TLDR;
This episode of ARK Invest's "Brainstorm" discusses the advancements and user experience of GPT-5, highlighting the shift from model selection to an integrated system. It addresses the mixed community reception, with some users missing the "humanness" of previous models. The conversation touches on the importance of model personality, the challenges of benchmarking AI, and the potential for AI-induced psychosis, concluding with a call for user feedback on novel AI applications.
- GPT-5 offers a more integrated user experience by automatically routing users to the most suitable model.
- User feedback on AI models is crucial, as demonstrated by the backlash against GPT-5's initial personality.
- The personality of AI models is becoming increasingly important for user engagement and attachment.
- Benchmarking AI performance requires evolving metrics that reflect real-world use cases and error rates.
- There is potential for AI to significantly impact individuals, including the possibility of AI-induced psychosis or the formation of AI-related religious cults.
GPT-5 Performance Analysis [0:00]
The discussion begins with an overview of GPT-5, moving past surface-level analyses to explore its impact and potential flaws.
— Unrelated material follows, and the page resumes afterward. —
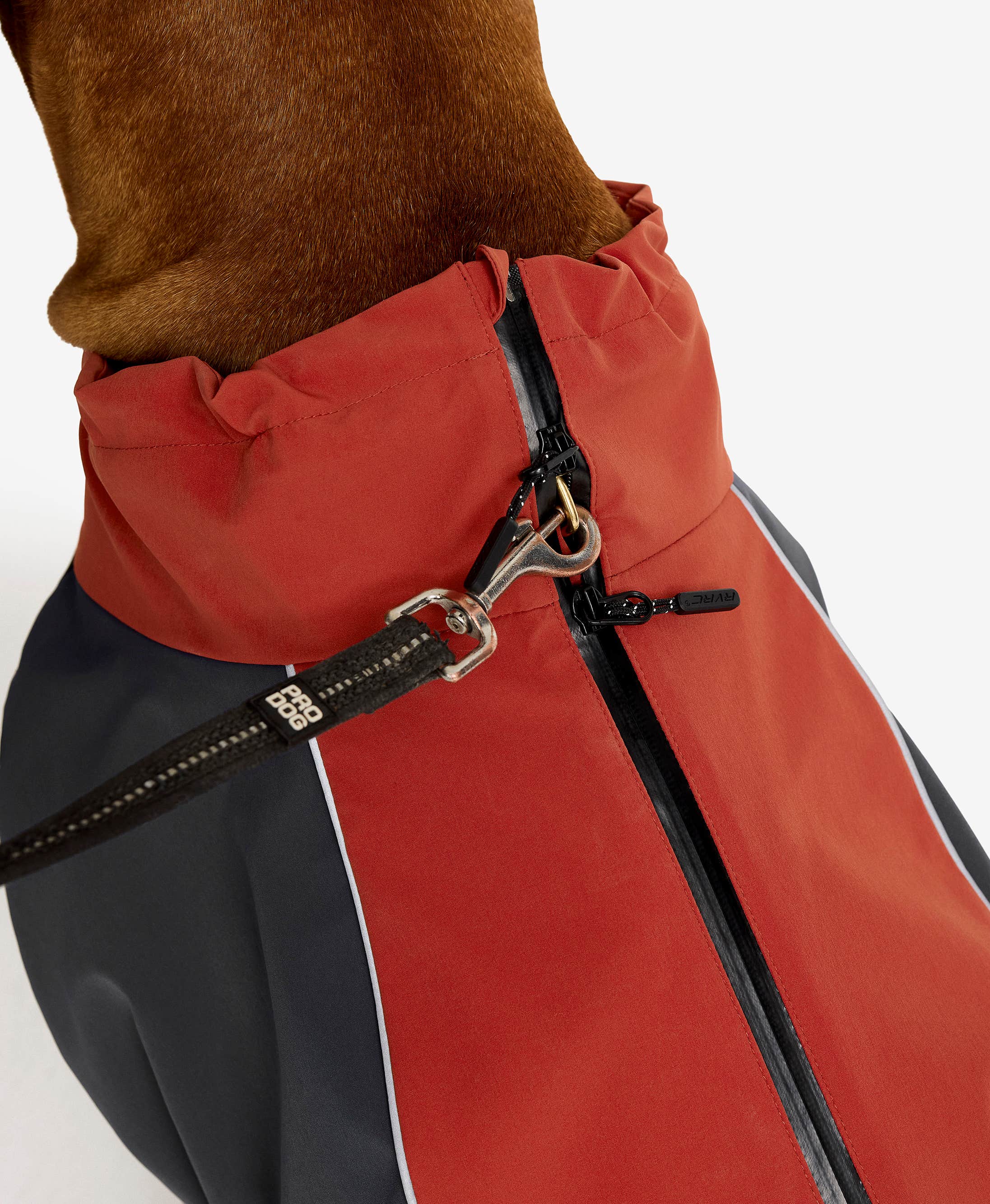 Cyclone Dog Jacket Dog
A key question is whether GPT-5 represents a significant advancement or merely incremental progress in addressing technical debt. One participant shares their experience as a power user, noting a clear improvement in user experience with GPT-5. The focus shifts to the limitations of traditional benchmarks in assessing the actual utility of AI tools, emphasizing the importance of real-world active users as a primary benchmark. The major advancement in GPT-5 is identified as a product improvement in how it's presented to end-users, allowing them to better understand and integrate the system into their daily lives.
New ChatGPT Model Loses Its Human Qualities [4:52]
The conversation addresses the split community reaction to GPT-5's usability, referencing a tweet expressing disappointment in its lack of "fun." This sentiment reflects a broader consensus that the model lacks the humanness of previous versions. OpenAI's response to user feedback, including Sam Altman's Reddit AMA, highlights the importance of user sentiment. The discussion touches on the emotional connection users form with AI models and how this affects their choice between different AI platforms. The qualitative aspects of AI interaction, such as the model's personality and nuanced responses, are gaining importance.
Friend Vs. Tool [7:16]
The discussion explores how even power users are "operating pretty blind" in terms of optimal usage, as OpenAI doesn't provide clear guidance. The idea of metaprompting is introduced, where the model automatically improves user prompts. The router at the top end injects synthetic data and determines whether to use more test time compute based on the query. GPT5 allows users to select between different personalities. The replacement of a user's preferred AI model with a different one can lead to dissatisfaction, highlighting the importance of maintaining ongoing relationships with AI models.
Relationships Vs. Knowledge [12:54]
OpenAI can see in the data because they have such a large sample of users. They can see that engagement was dropping for some subset of users. The ability to capture why people like 40 is not something you could capture in benchmarks other than the benchmark of this is engagement against the user base and people are engaging with it. The personality of these models starts to really impact usage. Unlike Google's search algorithm changes, tweaking AI models can lead to backlash due to the human-like relationships users develop with them.
GPT-5 Key Benchmarks [15:50]
The discussion shifts to model performance improvements, noting that GPT-5 didn't have a hockey stick type of performance across the board. The presentation of benchmark results on the wrong scale is criticized, as it doesn't accurately reflect the difficulty of reducing error rates. The focus should be on the error rate and the log error rate. The achievement of 100% on the AIM math benchmark is dismissed as irrelevant to practical use. Internal benchmarks, such as the hallucination rate, show real performance improvement. GPT-5 is more honest and less likely to give confident answers when it lacks the necessary information.
OpenAI’s Tough Development Decision Ahead [21:46]
The discussion highlights the importance of engagement baiting and the element of emotion in attracting users. The backlash against GPT-5 underscores the need for models to have a personality check to reach a mass audience. Model personality is not super sticky until you move into voice mode. OpenAI will be able to take these 40 users and create a chat GPT5 experience that does more emojis and is more solicitus and stuff to them. The degree to which you care about can this person do the job versus is this person a culture fit with me that I'm going to interact with?
Becoming An AI Power User [29:37]
The discussion shifts to strategies for improving model usage skills, with trial and error and direct questioning of the model being key. The presented capability of these systems is always somewhere past the actual practical capability of these systems. It is important to experiment with different models and pair activities against them. There is a big opportunity to learn from others' experiences with AI tools.
AI-Induced Psychosis [33:07]
The episode concludes with a Reddit post about ChatGBT induced psychosis. These are mirrors for people in some profound way. You can see in them what you want to see. It is likely that you'll have some kind of like religious cult that emerges on the basis of interactions with these agents.